WTI Bergerak Menuju $90,00 Karena Potensi Pengurangan Pasokan Oleh OPEC
- Harga minyak berusaha mencium rintangan terdekat $90,00 di tengah meningkatnya kekhawatiran pemotongan pasokan.
- Zona Euro dapat menggantikan minyak untuk energi untuk mengurangi kebutuhan energi sampai batas tertentu.
- Pengumuman pembatasan lockdown di Tiongkok akan menyudutkan COVID-19 telah memangkas permintaan secara keseluruhan.
West Texas Intermediate (WTI), kontrak berjangka di NYMEX, menunjukkan kinerja di bawah standar setelah pembukaan gap-up pada hari Senin.
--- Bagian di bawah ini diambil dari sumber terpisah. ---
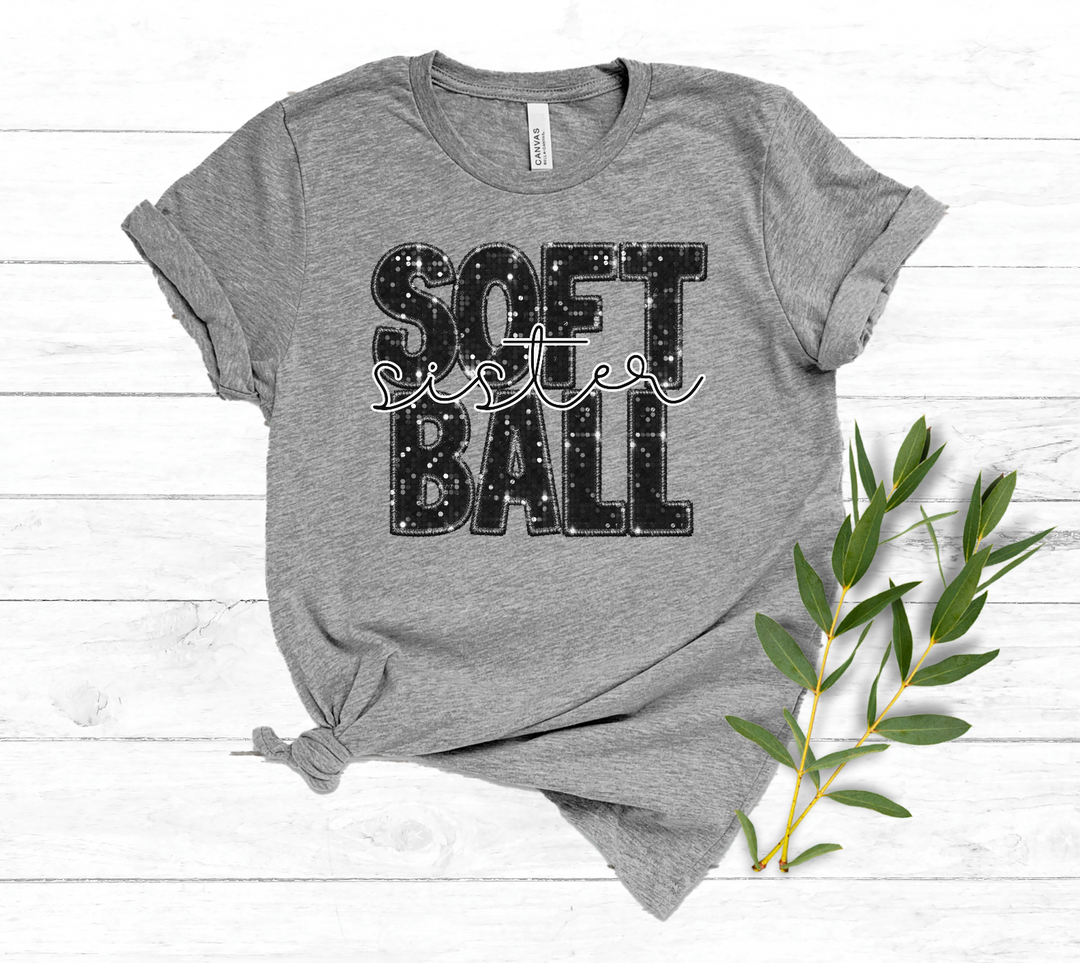 Stacked Softball Faux Glitter Titles DTF Print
Emas hitam telah berubah sideway yang dipimpin oleh tidak tersedianya momentum kenaikan karena peretasan pembalikan. Aset ini berosilasi dalam kisaran $87,70-88,60 dan diperkirakan akan bergerak menuju resistensi level bulat $90,00.
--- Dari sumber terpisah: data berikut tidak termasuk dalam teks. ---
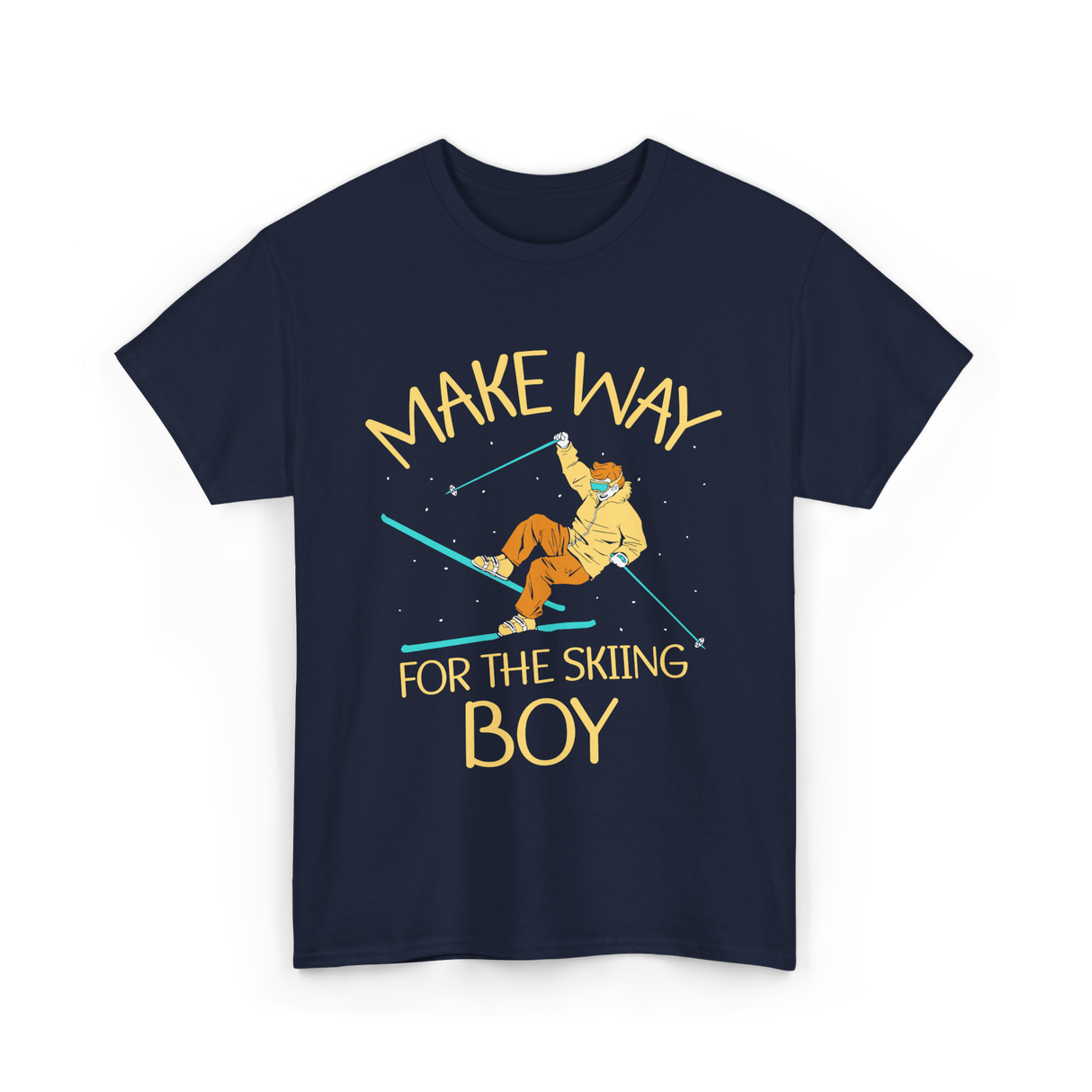 Make Way For The Skiing Boy Skier T-Shirt - Navy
Pembeli minyak telah mendapatkan daya tarik yang layak karena pengumuman pengurangan produksi tampaknya memungkinkan dalam pertemuan OPEC pada hari Senin. Kartel ini telah mengisyaratkan pemotongan produksi untuk mengimbangi penurunan harga minyak baru-baru ini. Bagi kartel minyak, harga yang lebih lemah selalu dianggap sebagai ketidakseimbangan karena menghasilkan pendapatan yang lebih rendah bagi negara-negara pengekspor minyak. Oleh karena itu, kartel minyak lebih memilih untuk menjaga harga minyak lebih tinggi untuk mempercepat pendapatan.
Di sisi permintaan, krisis energi yang semakin dalam di Zona Euro setelah Moskow menghentikan pasokan energi untuk waktu yang tidak terbatas diperkirakan akan meningkatkan permintaan minyak. Benua tua diperkirakan akan memanfaatkan minyak sebagai pengganti untuk mengurangi kebutuhan minyak. Perlu dicatat bahwa musim dingin akan tiba lebih cepat dan stok energi yang lebih tinggi diperlukan untuk memenuhi permintaan yang meningkat.
Sementara itu, kebangkitan COVID-19 di ekonomi terbesar kedua di dunia dan importir minyak terbesar di dunia, Tiongkok telah memangkas prospek permintaan secara keseluruhan. Adaptasi pembatasan lockdown untuk menahan penyebaran telah memaksa pembatasan pergerakan manusia, material, dan mesin akan mengakibatkan permintaan minyak yang berkurang di masa depan.